The entire game seems to be made by one Jeff Mumm—an animator and illustrator who primarily draws webcomics. That said, the animations have obviously been taken care of in a thorough, thoughtful manner. You have completely different animations depending on your health, and the gameplay reflects that. You can’t run very fast if you’re hurt, and you can’t run or jump at all if you’re on the brink of death. Since jumping is the main element of a platformer, I can’t help but wonder if that’s the equivalent of a game over for Super Bunny Insurrection.

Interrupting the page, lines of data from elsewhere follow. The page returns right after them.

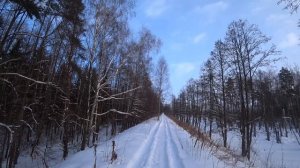 Зимний поход на Танковые горы и в лес вдоль бывшей УЖД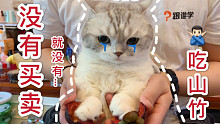 没有买卖，就没有伤害！喵：求求你们放过我的小“山竹”吧！！！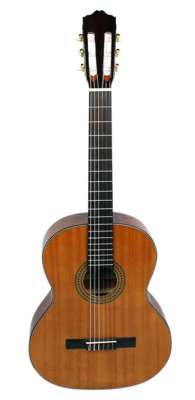 Axiom Segovia Solid Cedar Top Classical Guitar Professional Quality Nylon String - image 1 of 4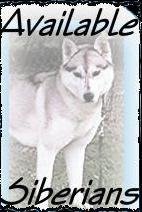 Available Siberians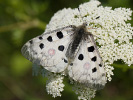 0609191216_MG_3990.jpg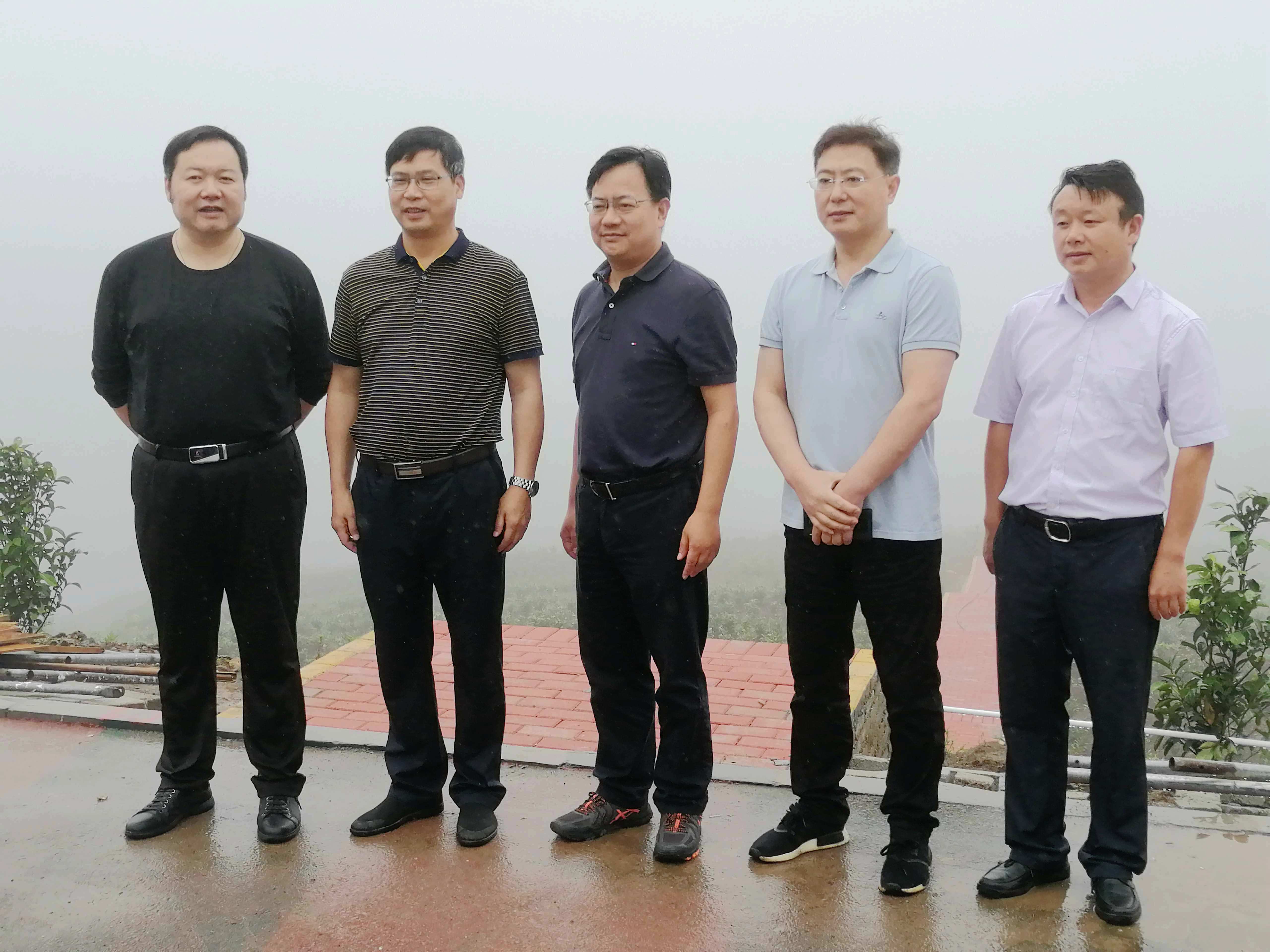 浙江省供销社沈省文副主任一行考察普安“白叶一号”工程 浙江省供销社沈省文副主任一行考察普安“白叶一号”工程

Graphics-wise, and despite its appearance as a still image, the game is very impressive. The graphics aren’t rendered at 16 or even 32 bit, so it avoids looking like a game straight off of the SNES. While the sprites are a bit rough around the edges, each angle of every object has been painstakingly drawn over the course of hours. I was expecting some kind of math to be behind it, with only six sprites being manipulated, but it appears that the artist drew the transitions of every angle for every object. That’s incredibly impressive, and unfortunately that work doesn’t show through in a still image. Luckily, the graphics engine is available on Guinea Something Good’s deviant art page. You can only collect tacos or do any of the platforming shown in the preview, but it shows exactly how the game’s graphics will play out.
As far as actual gameplay is concerned, it seems to be an average retro platformer. There is voice acting, dialogue trees, and complex jumping—but that’s nothing new. Bouncing on other characters is an interesting way to get around, but it’s also something that’s been around since the first Mario games. What this game has going for it, other than its graphics, are the humor and dialogue trees found throughout the game and the comic it spawned from. The main character is a bit slow to pick up on important things, but is very keen on noticing trivial troubles. Hilarity (theoretically) ensues.
The reason this game is probably overlooked is because of its logo (instead of looking retro, it just looks like someone messed around in paint) and its graphics. The graphics, while impressive, do not look good in still screenshots and won’t attract anyone’s attention. Even so, they’re impressive in action, and the game looks like it would be fun to play. Its engine runs on flash, so it would be available for any compatible platform if the game succeeds. If you’re interested in playing a new platformer with a unique perspective and comical characters, be sure to support Super Bunny Insurrection’s Kickstarter Campaign.